One man’s meat is another man’s poison. While taxpayers will no longer be asked to pay up under the new liquidation plans for bank bailouts within the European Union, the plans increase risk for shareholders and bond holders, who will suffer in a worst-case scenario.
The move has prompted a reaction from the three top rating agencies, Fitch, Moody’s and Standard & Poor’s. The agencies are reviewing the creditworthiness of major banks, and many institutions can expect to see downgrades next year. In Germany, they are particularly focused on Deutsche Bank, a financial institution whose collapse , in theory, could threaten the global financial system.
Fitch announced that in the first half of 2015, based on current information, it will downgrade Germany’s largest bank from “A+” to “A,” which is still a high-quality rating. The rating agency said the reason for the downgrade is the loss of government support as a result of new E.U. bank liquidation rules, which Germany plans to introduce early, in 2015. Under those rules, known as the Bank Recovery and Resolution Directive, primarily creditors and shareholders will pay for a bank’s liquidation.
Until now, major European banks have benefited from support from their national governments, which could not allow them to fail. Because of the assumption of government assistance, most ratings for these banks have been higher than they would be if the ratings were based solely on financial strength. This difference will be eliminated for Deutsche Bank, according to Fitch.
Until now, major European banks have benefited from support from their national governments, which could not allow them to fail.
When examining the balance sheet of Germany’s largest bank, Fitch analysts also evaluated the lender’s operational strength. Their analysis concluded that Deutsche Bank faces a number of challenges, including a structurally high cost base, rising capital requirements in various countries and persistent legal disputes, which could end in substantial fines or costly settlements.
Until these disputes are resolved, Fitch expects the bank to continue building up capital while retaining profits. Other factors in the agency’s analysis are muted market growth in investment banking and the expectation of a weak economy in Germany and the euro zone.
In its rating of financial strength, Fitch already factored in the expectation that Deutsche Bank will increase profits primarily in its stable business segments: private customers, portfolio management and payment transactions. Should the bank fail to boost profits, its financial strength would also come under pressure, the agency warned, pointing to hardly any gains in profits in the first nine months of 2014.
Moody’s also expects poorer ratings in the future. In their review, analysts at the agency said the negative consequences outweighed the more stable condition of German banks, which have strengthened their capital base, partly because of the European Central Bank stress test.
Banks shouldn’t necessarily expect better ratings because of their efforts to pass the financial stress tests.
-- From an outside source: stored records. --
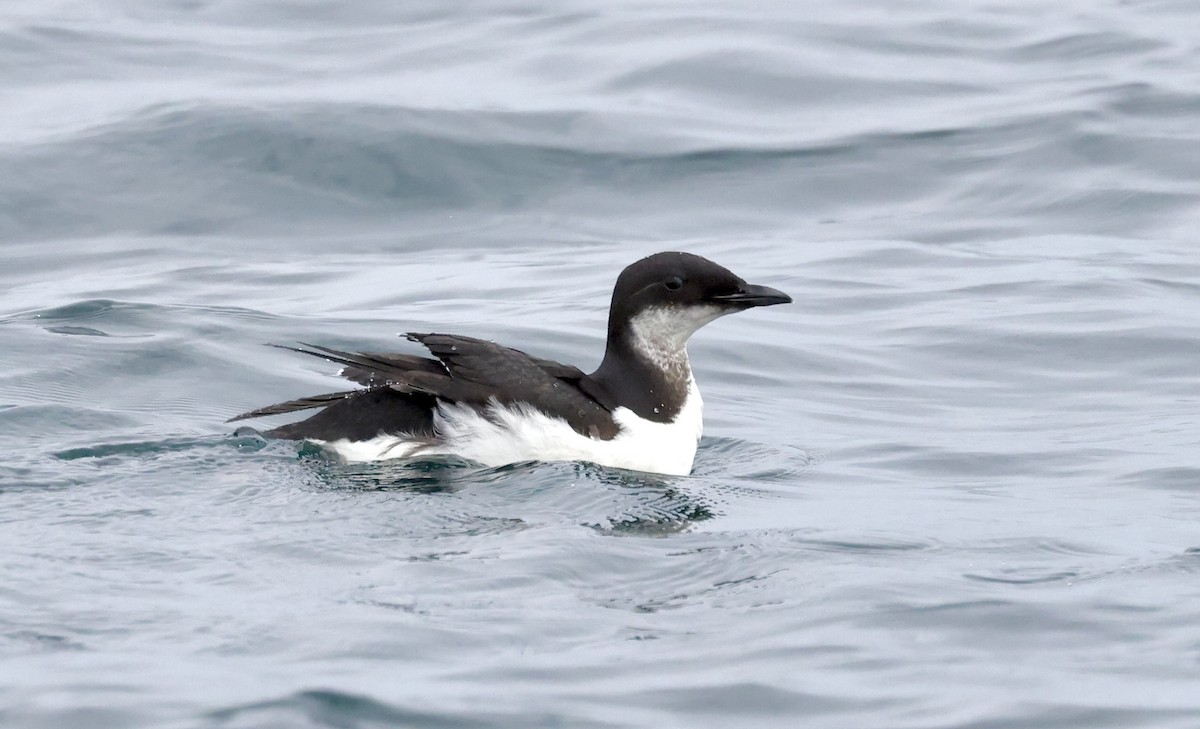 Thick-billed Murre - ML538455031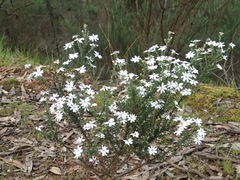 Olearia minor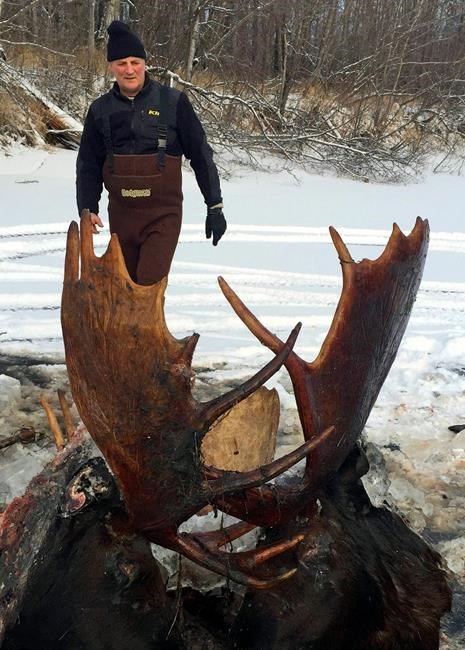 2 moose found frozen mid-fight near remote Alaska village | iNFOnews.ca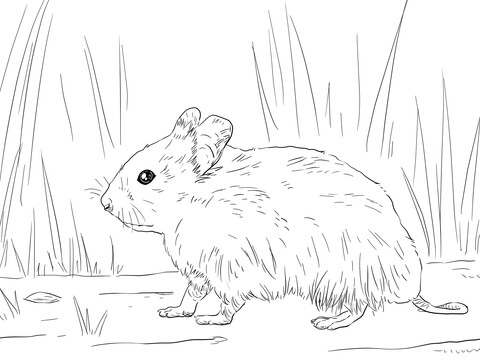 Syrian Hamster Coloring Page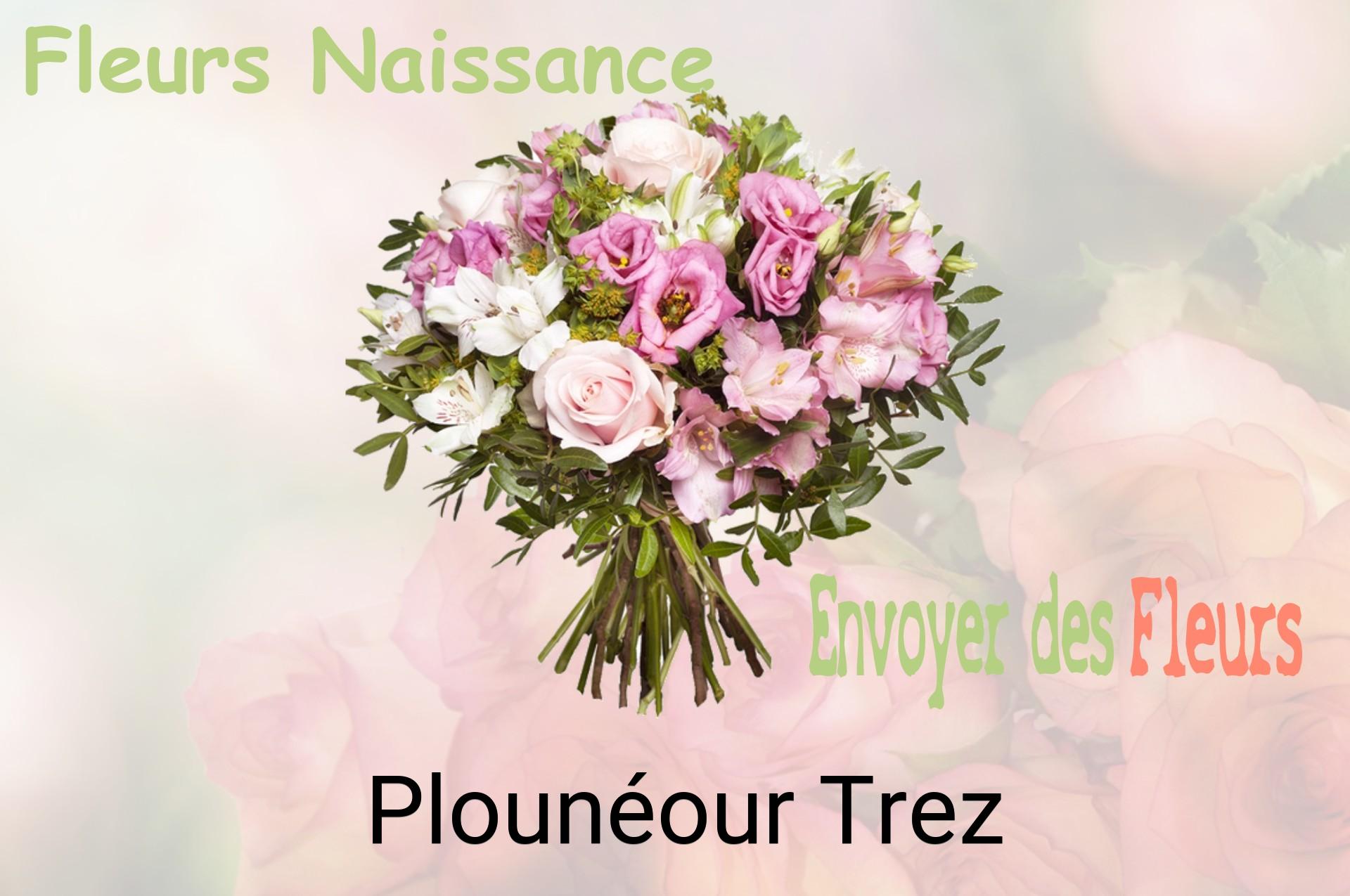 Bouquet de fleurs de naissance livré à Plounéour-Trez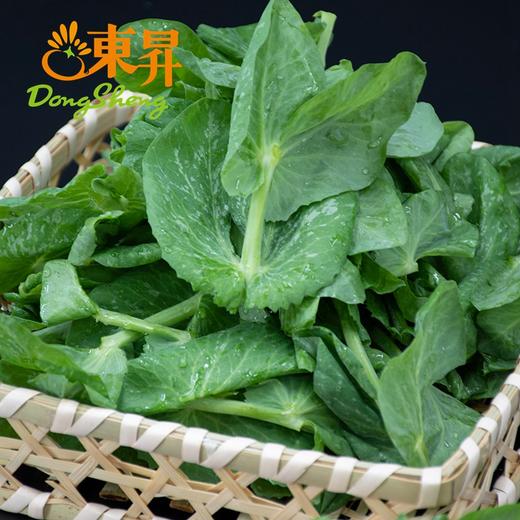 东升农场   豆苗   豌豆尖 荷兰豆苗 新鲜配送200g 商品图2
Similarly to Fitch’s reasoning, the early implementation of the E.U. Bank Recovery and Resolution Directive, BRRD, is the main reason for Moody’s negative outlook for the German banking system, said Andrea Wehmeier, a vice president at the rating agency. And banks, she added, shouldn’t necessarily expect better ratings because of their efforts to pass the financial stress tests.
A survey of 25 banks, published by Moody’s on Wednesday, showed that 88 percent of bank managers believe the test was tougher this year than in 2011, while only 12 percent perceived it as equally challenging. A large portion of bankers – 64 percent – want to beef up capacities to master future stress tests.
S&P is also scrutinizing the ratings of banks in Germany, Austria and Great Britain. But the agency said it is waiting for additional details on the technical implementation of the new E.U. bank liquidation plans before committing to a timetable of rating actions next year.